Et cela, dans une aspiration à l'universel: Le jeune Karl Marx est un film où l'on parle allemand, anglais et français, comme son auteur est polyglotte, et qui souligne la portée transnationale d'un combat. «Pour eux, il ne s'agit pas de savoir quelle est votre nationalité, mais quelle est votre position face au monde.»

Parler de Marx aujourd'hui

Comment présente-t-on un projet de film sur Karl Marx à des producteurs et des distributeurs, dans ce milieu du cinéma où l'argent domine? «C'est très simple, avant 2008-2009, j'étais très seul, répond Raoul Peck avec un grand rire. Pendant et après la crise, on a vu partout dans le monde les magazines économiques mettre Marx sur leurs pages couvertures.

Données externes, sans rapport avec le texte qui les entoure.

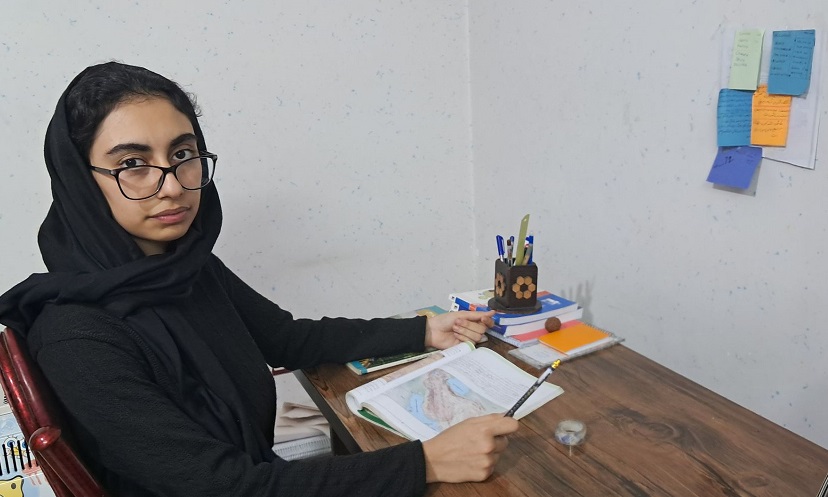 گفت و گو با ساجده صفری زاده ؛ قهرمان پیوستگی پایه دوازدهم انسانی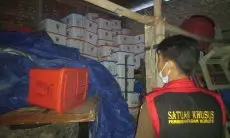 Tersangka Sumardi Menimbun Family Kit untuk Korban Bencana Alam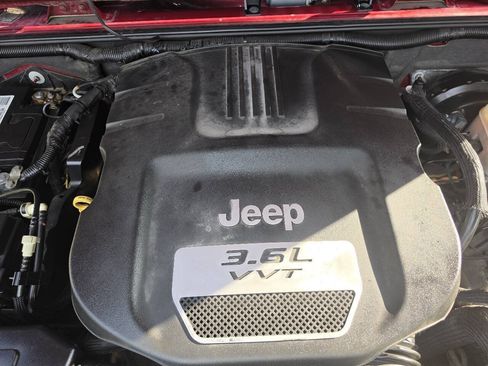 Used 2012 Jeep Wrangler Sport AWD/4WD image 37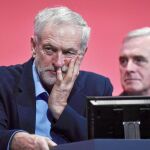 Jeremy Corbyn, ayer, junto al responsable económico del partido, John McDonnell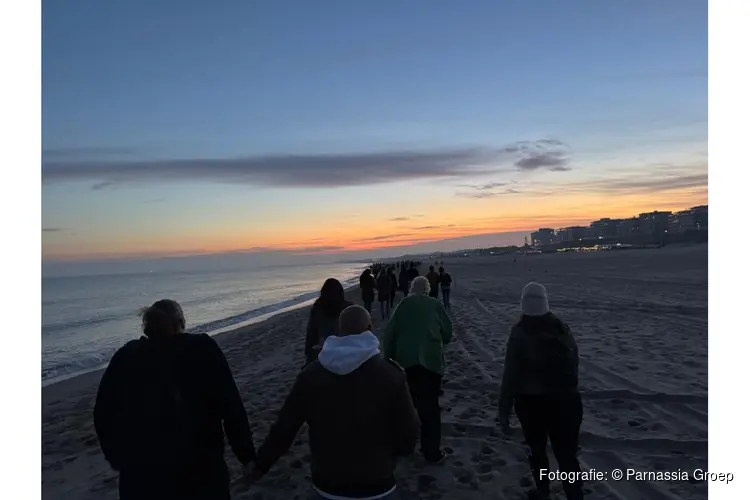 Wandeling bij zonsopkomst in Den Haag rond suïcidepreventie
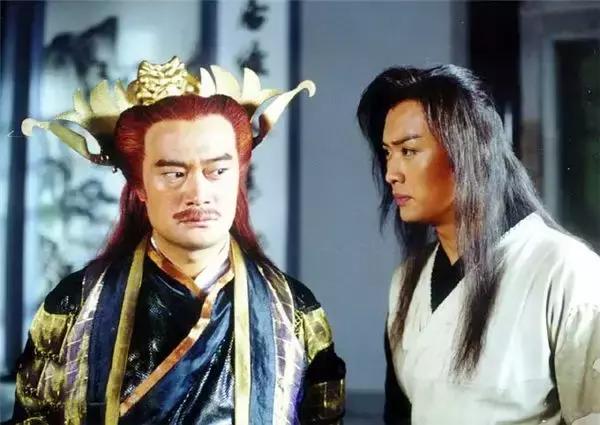 武林外史白飞飞为什么毁朱七七容,武林外史白飞飞被朱七七气得吐血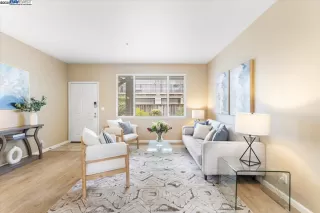 Photo #6: 41093662 Listing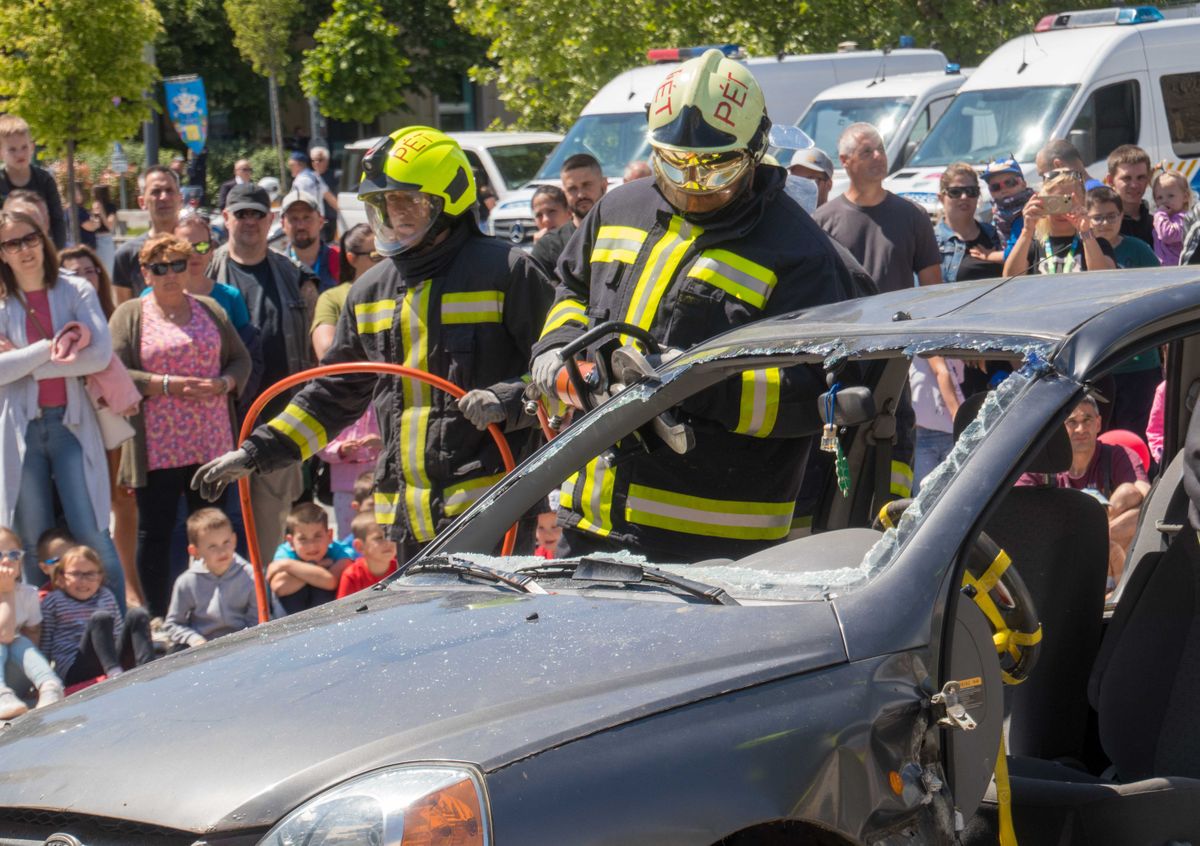 A legnagyobb látványosság a délutáni roncsvágás volt Fotó: Szabó Péter Dániel/Napló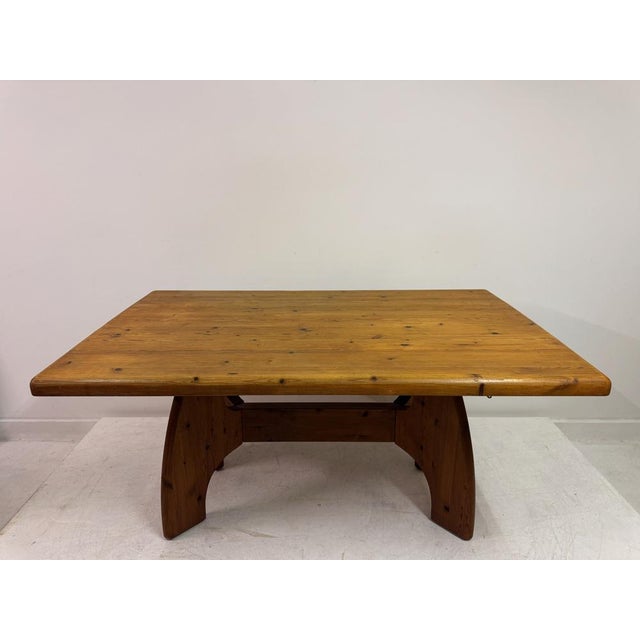 A solid pine dining table by Wasa Möbel, Germany, circa 1980s. The table features a generously proportioned rectangular...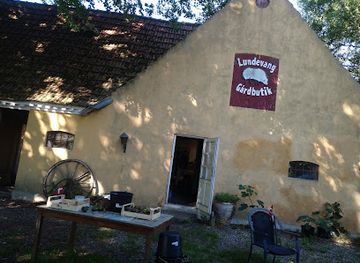 denmark/mon/shop/lundevang-gardbutik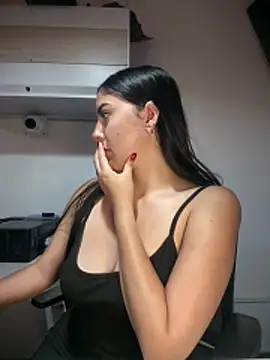 MarianaBenz online show from April 2, 2026, 11:55 pm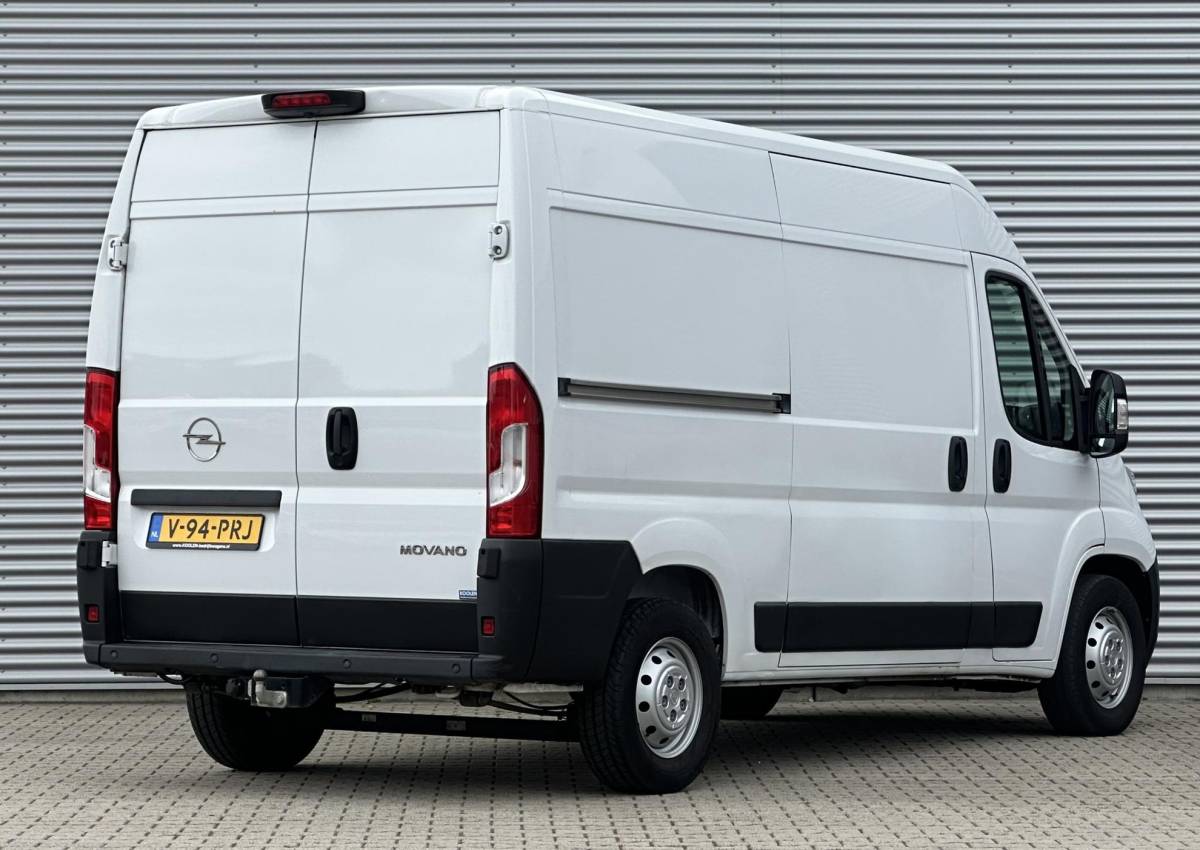 Opel Movano Opel Movano 2.2D 165 Zwaar L2H2 3.5t Carplay|Cruise|Airco|Trek Peugeot Boxer/Citroén Jumper/Fiat Ducato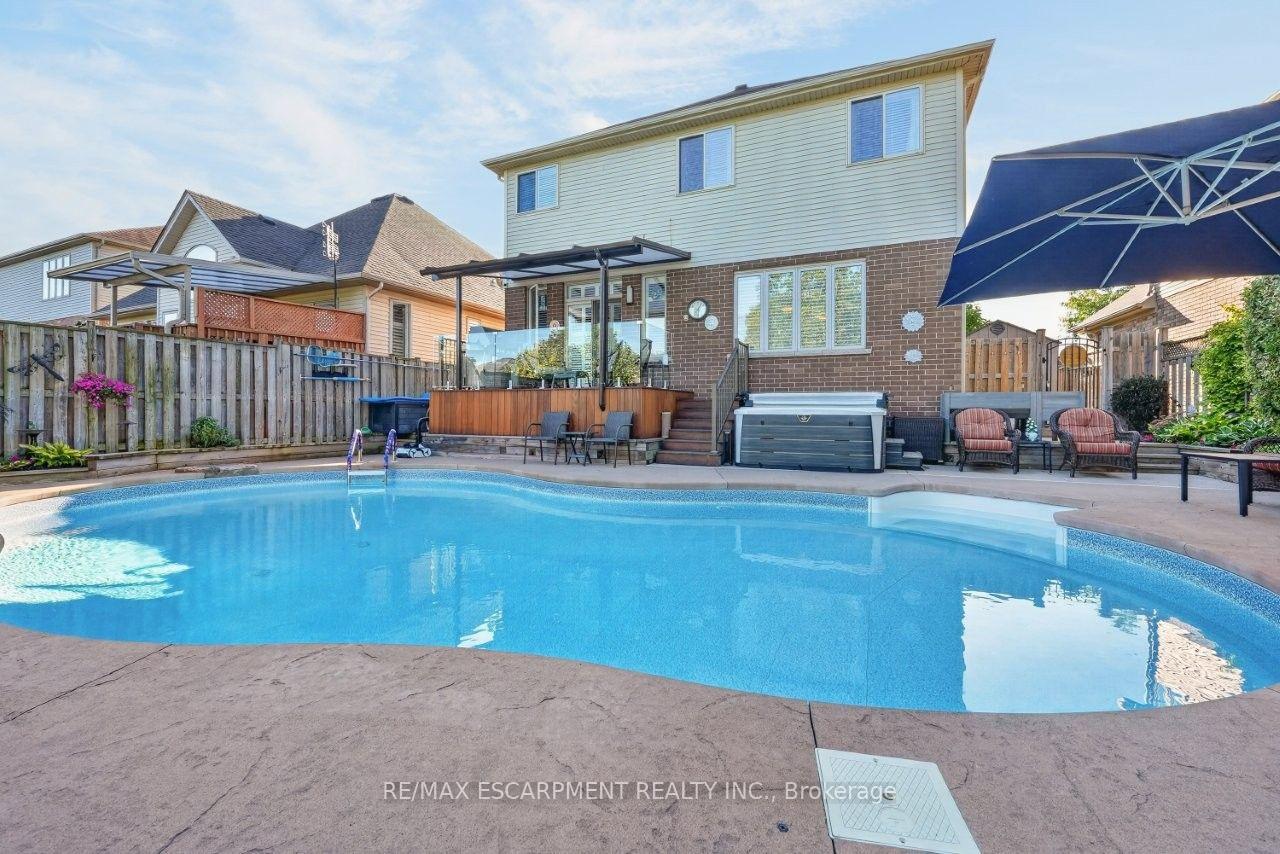Photo 13 of 4453 Comfort Crescent, Lincoln, Beamsville — HOMEH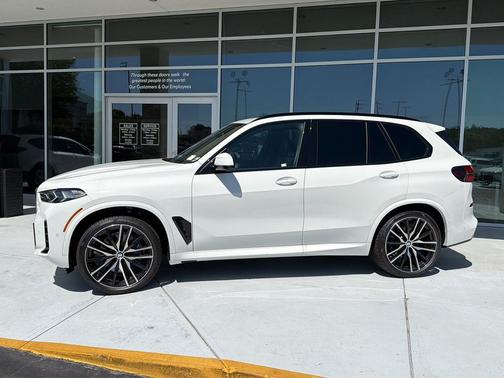 Alpine White 2026 BMW X5 sDrive40i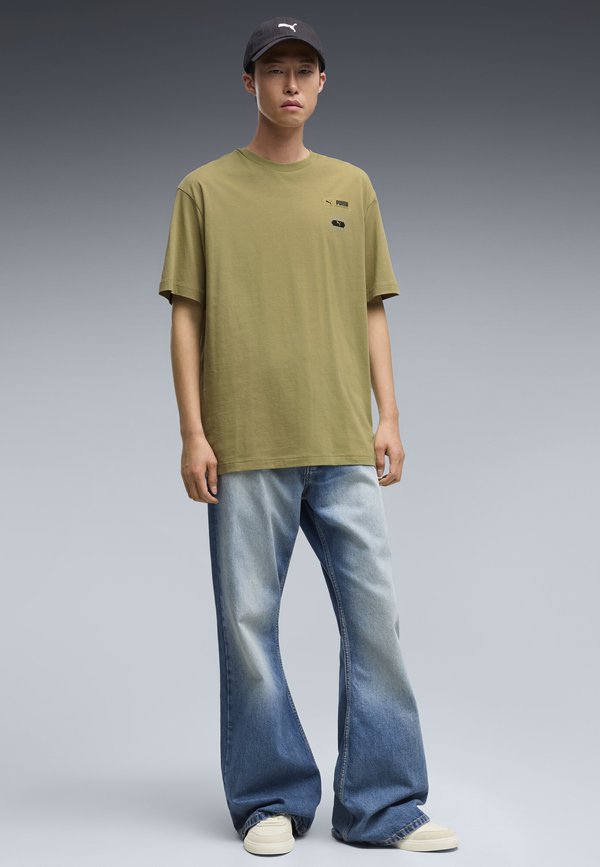 Puma GRAPHICS RELAXED STACKED T-SHIRT - Print T-shirt - chai latte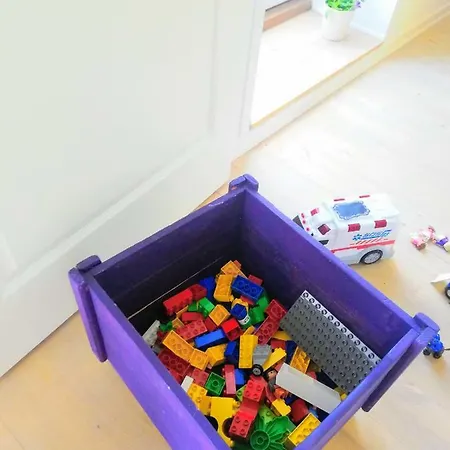 13 Minute Walk To Lego - 50m2 Holiday Apartment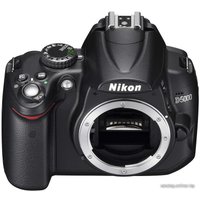 Зеркальный фотоаппарат Nikon D5000 Body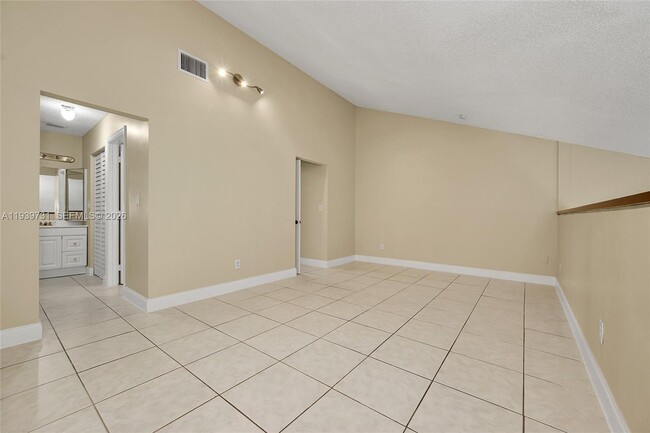 Building Photo - 9079 SW 133rd Ct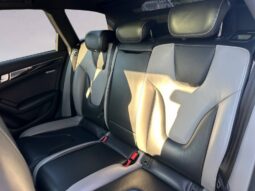 
										Audi Rs4 RS4 AVANT V8 4.2L full									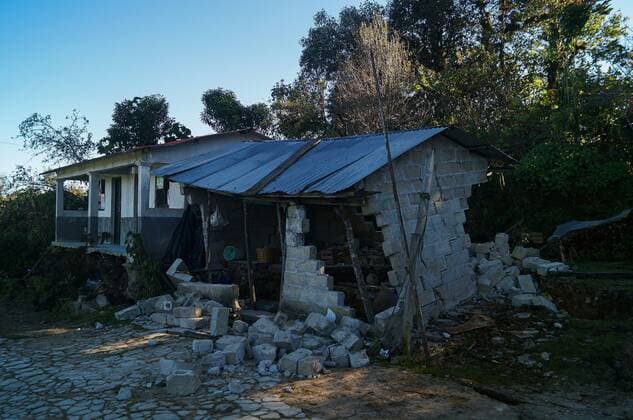 View of houses affected due to the passage of tropical cyclone Eta in the community of Tenejapa, in the state of Chiapas, Mexico, 11 November 2020. With some of their belongings in tow, thousands of families from the southeastern states of Chiapas and Tabasco have abandoned their homes these days after the tragic rains that have hit the region, leaving heavy flooding and causing at least 27 deaths. Tropical Cyclone Eta and Cold Front 11 left huge amounts of rain in recent days in southeastern Mexico and Central America, forcing many to flee their homes for safety. The distress of thousands leaving their homes flooded in southeastern Mexico !ACHTUNG: NUR REDAKTIONELLE NUTZUNG!  Copyright: xCarlosxLopezx MEX445 20201111-637407196015410088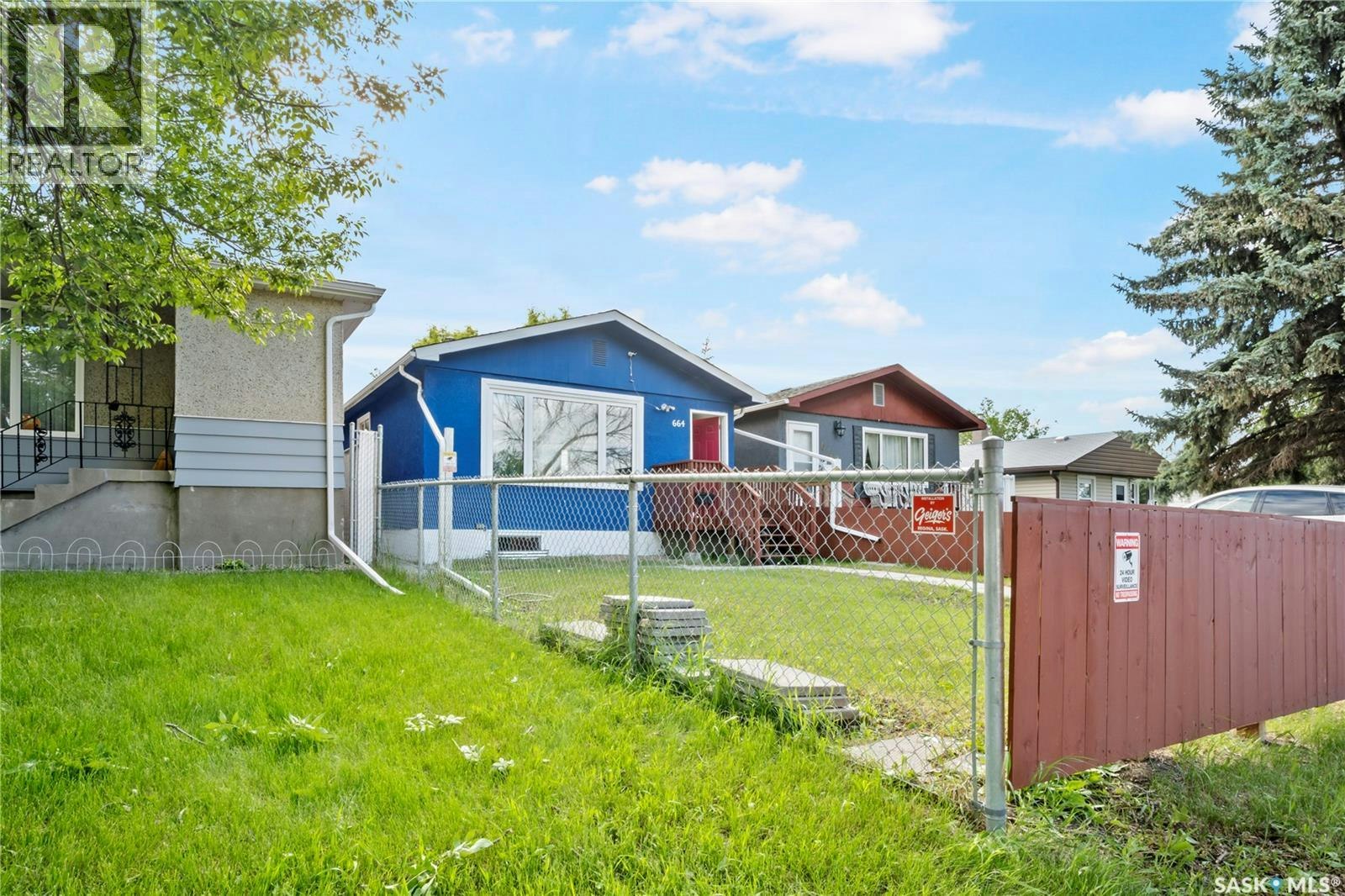 664 Retallack Street, Regina, SK, S4T 2G4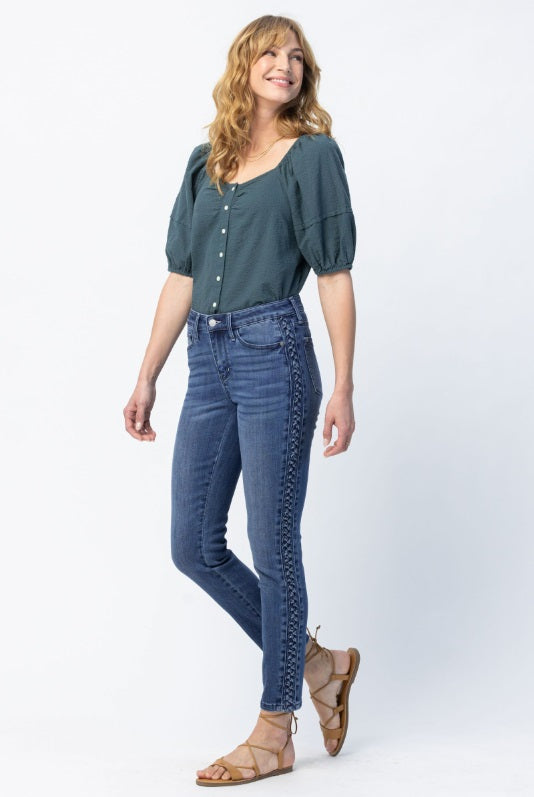 Mid-Rise | Relaxed | Braid Detail Jeans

Brusquement, on découvrait que celui qui avait le mieux analysé la société capitaliste avait raison dans son analyse.»

«On prétend connaître notre histoire, poursuit-il, mais en fait, on baigne dans l'ignorance, la propagande et la déformation. On sort d'une longue période de guerre froide. Le capitalisme triomphant est sorti après la chute du mur de Berlin, il n'avait plus d'obstacle et il a tout envahi. La crise de 2008-2009 a un peu réveillé les critiques, qui étaient étouffées auparavant. Et on s'est rendu compte que cette machine sans conducteur pouvait nous mener au bord du gouffre.»

Jeunes et rebelles

Le jeune Karl Marx raconte une période précise et déterminante dans la vie de l'auteur du Capital, les années 1844-1848, sa rencontre et son amitié avec Friedrich Engels, dans une Europe bouillonnante, en pleine transformation, ce qui le mènera à rédiger le Manifeste du parti communiste en 1848. 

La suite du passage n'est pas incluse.